Le corps n’est pas à l’extérieur. Il est
 conscience. Il s’agit de ne pas se limiter au corps. La corporalité est
 l’expression de l’arrière-plan. Donc, écouter la sensorialité est la 
première chose. Vous ne pouvez pas connaître votre environnement sans 
cela. Tout ce que vous connaissez du monde n’est que perception. Votre 
corps a vu, entendu, senti, goûté ou touché. De ces cinq sens naît un 
concept qui vous fait dire: « C’est un arbre ». Cet arbre, si vous ne le
 voyez pas, si vous ne pouvez pas le toucher, le sentir, si vous ne 
pouvez le goûter, il n’existe pas. Dans le monde, c’est uniquement les 
cinq sens qui nous informent. Avant de savoir ce qui convient 
politiquement à un pays, avant d’avoir des idées soi-disant abstraites, 
il faut d’abord connaître celui qui perçoit la société. C’est la 
sensorialité. Quand vous recevez un mot de votre amoureux qui vous dit 
que vous êtes la plus belle des femmes, dans votre détente si vous 
sortez dans la rue, vous trouvez la société harmonieuse. Si vous recevez
 une lettre de quelqu’un qui vous dit que vous êtes épouvantable, ou 
vous informe que quelqu’un que vous aimez a quitté ce monde, vous êtes 
triste. Vous sortez dans la rue, et le monde est triste.

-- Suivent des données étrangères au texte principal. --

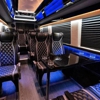 D5 Professional Services gallery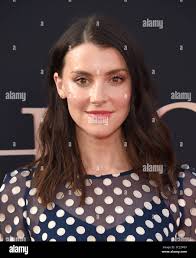 Emma dark hi-res stock photography and images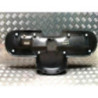Garniture hayon RENAULT TWINGO 2 PHASE 1 d’occasion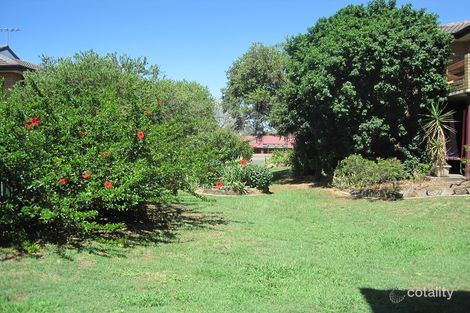Property photo of 6/19 Mitchell Avenue Singleton Heights NSW 2330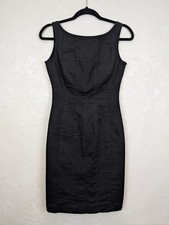 Prada Milano Damen Red Tab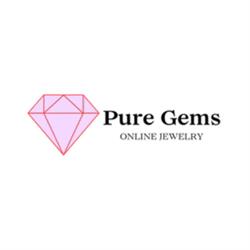 Pure Gems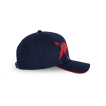 Casquette Enfant - RED BULL RACING F1 2022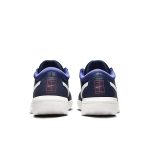 nike-zoom-lite DH3233-400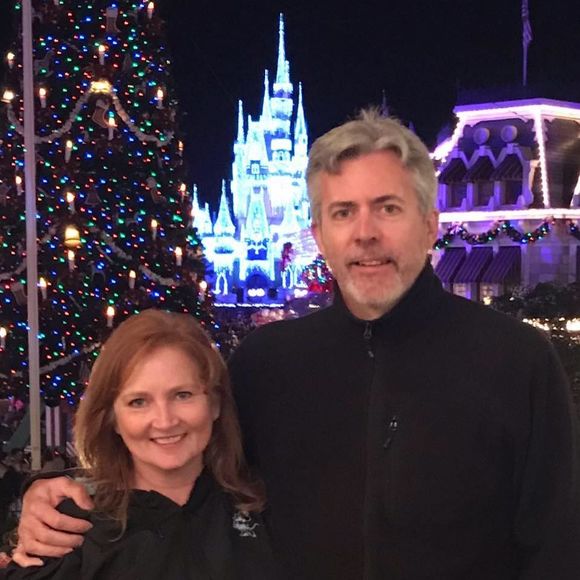 Meet your Posher, Tami - Picture 1 of 1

Ce que l’on connaît, on le connaît 
uniquement à travers notre système psycho-physiologique. Avant d’avoir 
une opinion sur le monde, sur les choses, il faut d’abord que ce système
 soit en état de réceptivité. Ainsi, nous cesserons de surimposer 
continuellement nos propres désirs, nos propres peurs sur le monde, sur 
la société. Si l’on n’est pas en paix avec soi-même, on ne peut pas 
faire la paix. Vouloir pacifier le monde alors que l’on est violent 
intérieurement, c’est un manque de vision. La paix n’est pas le résultat
 de la violence, mais celui de la paix. Il faut commencer par être en 
paix avec sa structure. Il faut aimer sa structure. Cela, c’est la 
première des choses, et c’est peut-être la dernière.

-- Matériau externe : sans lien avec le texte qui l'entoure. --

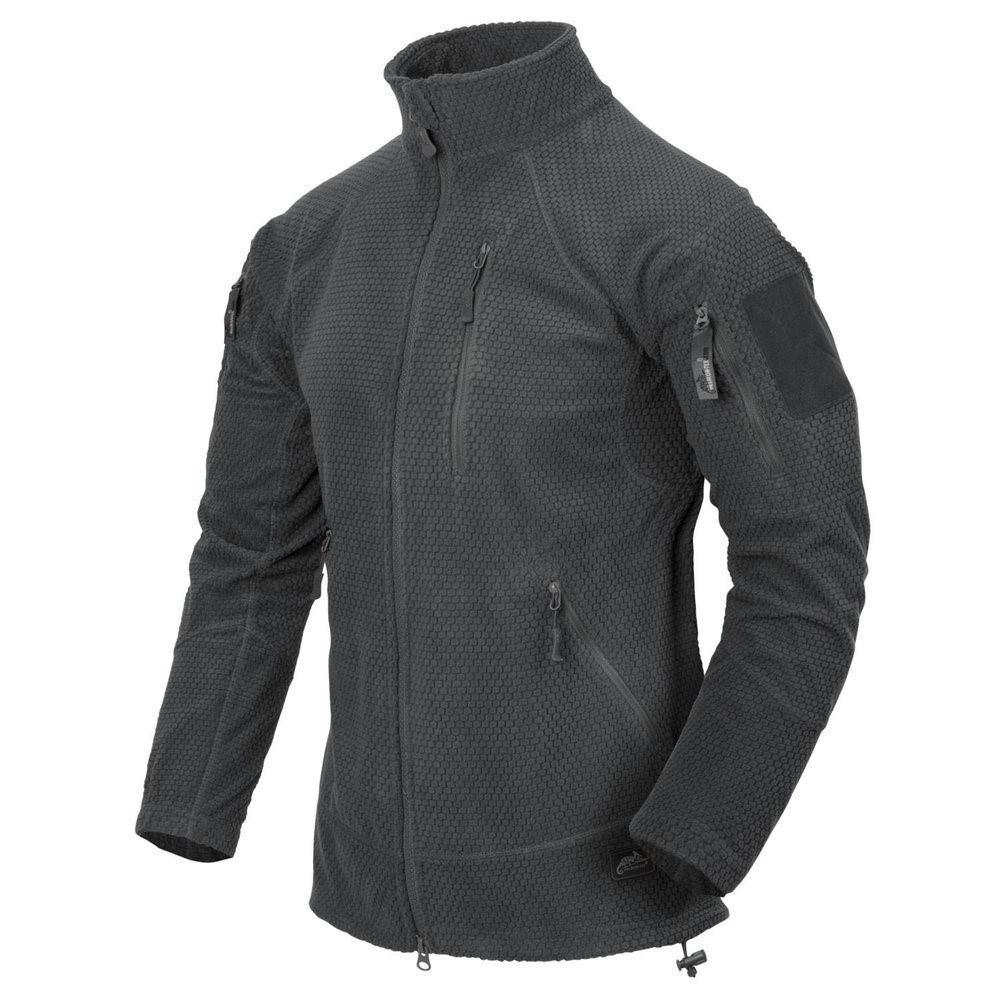 No name Bluza ALPHA TACTICAL -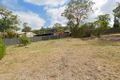 Property photo of 10 Turnbull Street Fennell Bay NSW 2283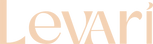 Levari - Início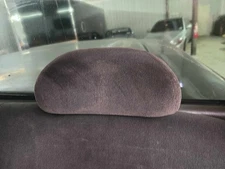Headrest CHEVY SILVERADO 1500 Left 99 00 01 02 03 04 05 06 07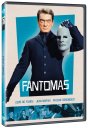 náhled Fantomas - DVD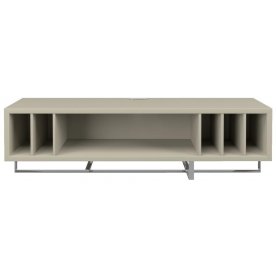 ТВ-тумба Vigo MDI.TV.VC.13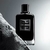PERFUME GIVENCHY GENTLEMAN SOCIETY EXTRÊME MASCULINO EAU DE PARFUM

Il ne faut pas se méfier de sa structure, de son corps, de son mental?
Vous êtes complètement neutre. Ce n’est 
pas votre corps, c’est un corps. Si c’est votre corps, vous ne pouvez 
pas l’écouter; parce que vous préférez qu’il soit comme ceci ou comme 
cela. Donc, vous faites face à ce corps. Un peu comme si vous arriviez 
dans un pays étranger. Quand vous sortez de l’avion, vous n’avez pas de 
référence. Vous ne pouvez que regarder. C’est tellement différent. Vous 
ne pouvez pas comparer à ce que vous connaissez. Quand vous écoutez de 
la musique tibétaine ou de la musique du Sud de l’Inde pour la première 
fois, vous n’avez pas de référence. Donc, vous êtes obligé d’écouter. 

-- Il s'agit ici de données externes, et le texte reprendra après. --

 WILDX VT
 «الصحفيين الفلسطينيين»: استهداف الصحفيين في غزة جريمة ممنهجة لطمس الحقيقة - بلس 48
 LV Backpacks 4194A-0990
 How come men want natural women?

Vous ne dites pas: « C’est mélodieux ou ce n’est pas harmonique ». Le 
mot ne se présente pas. Vous êtes uniquement obligé d’être complètement à
 l’écoute, sans référence. À ce moment-là, la qualité intrinsèque de la 
musique peut vivre en vous. Avec le corps, c’est la même chose. Il faut 
apprendre à écouter le corps sans rien savoir. Être complètement comme 
un enfant qui vient de naître. Vous écoutez l’instant. Il n’y a rien à 
changer. On voit seulement ce qui se passe.
Vous dites que les tensions ne 
sont que des pensées, que c’est la pensée (lui crée la densité ou la 
lourdeur ou encore l’étroitesse que l’on sent dans les épaules, dans le 
dos ou la nuque…
Oui, absolument. Et c’est la pensée qui peut également l’éliminer:
La pensée peut éliminer les tensions?
Bien sûr. Dans un moment de très grand 
bonheur; vous ne vous referez plus à vous-même. La structure corporelle 
se trouve ouverte. Dans un moment de tristesse, elle n’est que défense.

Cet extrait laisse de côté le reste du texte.